VICTORIOUS Brothers captain David Richardson summed up his team's latest grand final success when he spoke proudly about the mateship at the club.

"There's a few boys talking throughout the year that this might be the last year,'' Richardson said amid the first division celebrations at Baxter Oval.

"But it's a bond that brings us back.''

A number of Brothers players have been together for 15-20 years, sharing the highs and lows of playing in the Ipswich and West Moreton Cricket Association competition.

Among those is Brothers' warrior Mark Sharrad, who recovered from two hip replacements in 2016 to enjoy another premiership with his cricketing mates.

"The core group around here have been around for a long time,'' Sharrad said.

"To have those other fellows in the same team was good to have around. It makes the win even more sweeter.''

Sunday's latest top grade success over Laidley was Sharrad's second with the club, having shared in Brothers' 2013 grand final triumph.

He'd also been part of a losing grand final.

At 43, Sharrad has been around cricket long enough to respect his opponents, especially the Laidley Bluedogs.

"Honestly, I didn't think we were home and hosed at any stage,'' Sharrad said.

"At any given time, you don't know what can happen. The game was toing-and-froing the whole way through.''

Sharrad's cricketing respect extended to Laidley's lower order, as the Bluedogs reduced the runs required to under 100.

"Of the three wickets we needed to get at the end there, Gibbo (Ben Gibson) can score runs. He's good for 30/40 plus runs,'' Sharrad said.

"Terry Emmerson, when he comes in, he's good for the same amount. And Topp (Michael Topp) you never know what he's going to do.''

Seeing the satisfaction on Sharrad's face after the grand final highlighted what it meant to one of Ipswich's finest all-round sportsmen.

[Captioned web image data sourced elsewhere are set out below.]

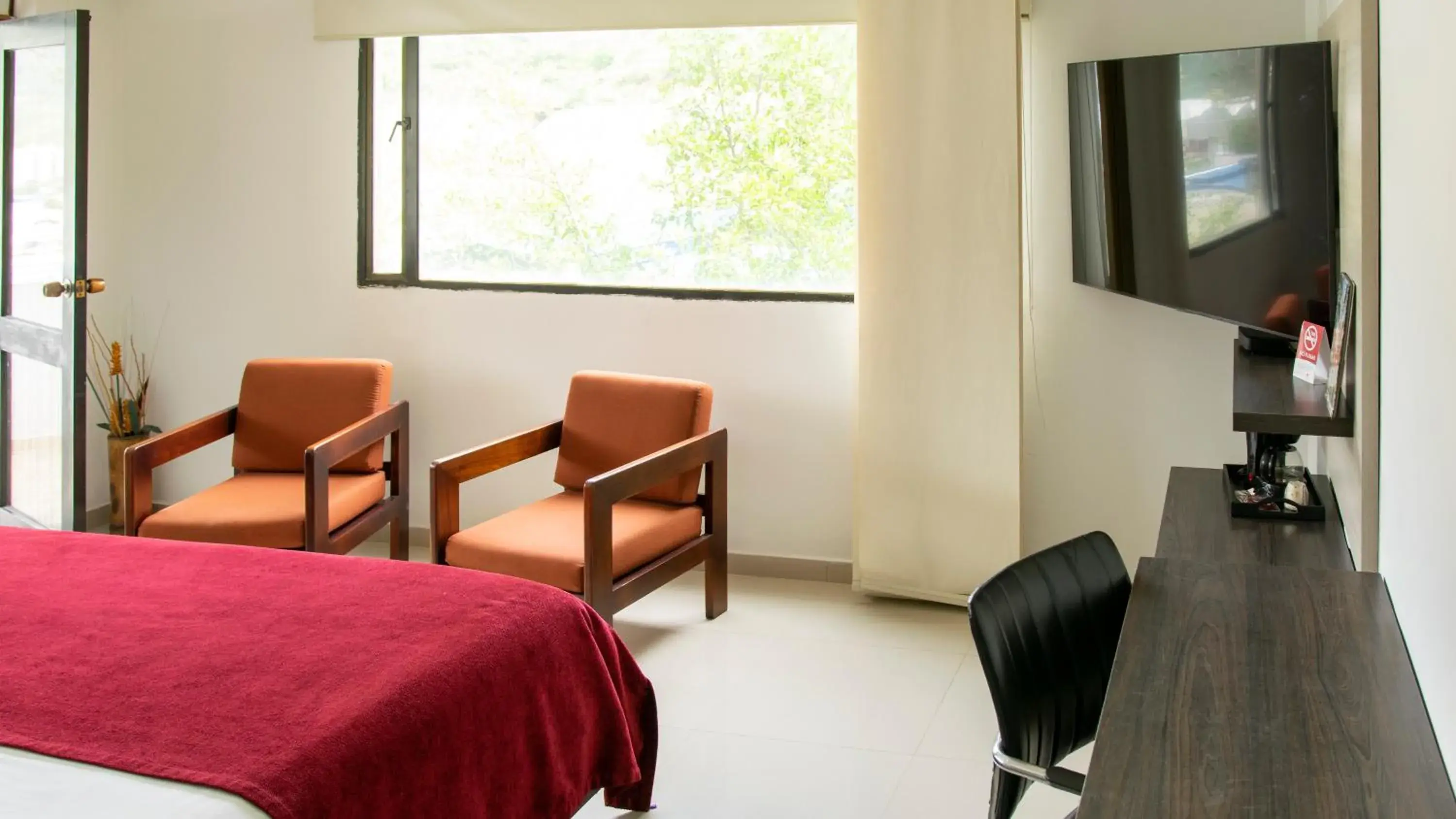 Bed, Seating Area in Hotel San Juan Internacional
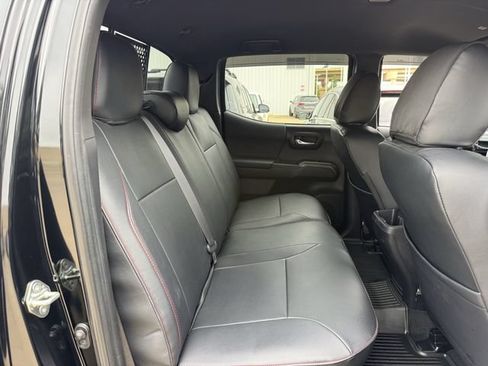Used 2020 Toyota Tacoma TRD Off-Road AWD/4WD image 31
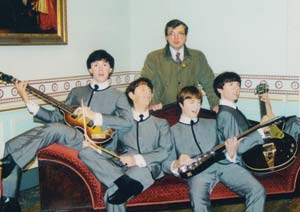 С-Битлз-Музей-Мадам-Тиссо-Лондон-2005 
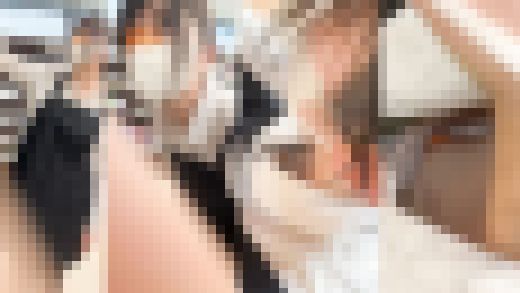 【店員個撮㉓】ぷっくり乳首集！働く女性店員の胸チラ・パンチラ!!(本屋/バザー会場)　サンプル画像1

The former Wests' A Grade hockey goalkeeper and Ipswich Jets footballer has maintained his fitness and strength for many years, often overcoming injuries that would have slowed or completely stopped a less determined competitor.

However, Sharrad was keen to keep playing for Brothers after a season off following those two hip replacements.

"The hips have come along real good,'' the powerful fast bowler said.

"I'm just looking forward to what next year brings.''

And that means being cautious about retiring, like many of his senior teammates.

"You are a long time retired,'' Sharrad said.

"I'm going to savour this moment with the boys and then reassess what happens when the next season turns around.''

 

BEST EFFORT: Brothers bowler Chris Smith set a new grand final record.
BEST EFFORT: Brothers bowler Chris Smith set a new grand final record. Rob Williams

Looking back over the four-day grand final, Sharrad said securing a 127 run first innings lead was crucial against the might of Laidley.

"Hats off to Smithy (Chris Smith) for bowling the way he did,'' Sharrad said, having also played a crucial role with the ball.

"He bowled really consistent lines . . . and we got the edges and the wickets that we needed in the first innings to get that lead.''

Smith finished with 12 wickets in the match, troubling the Laidley batsmen with his stubborn line and length.

Smith's remarkable figures of 12/119 off 51.1 overs were the best recorded in an Ipswich grand final.

Sharrad only had six overs in the first innings as Smith snared 7/50.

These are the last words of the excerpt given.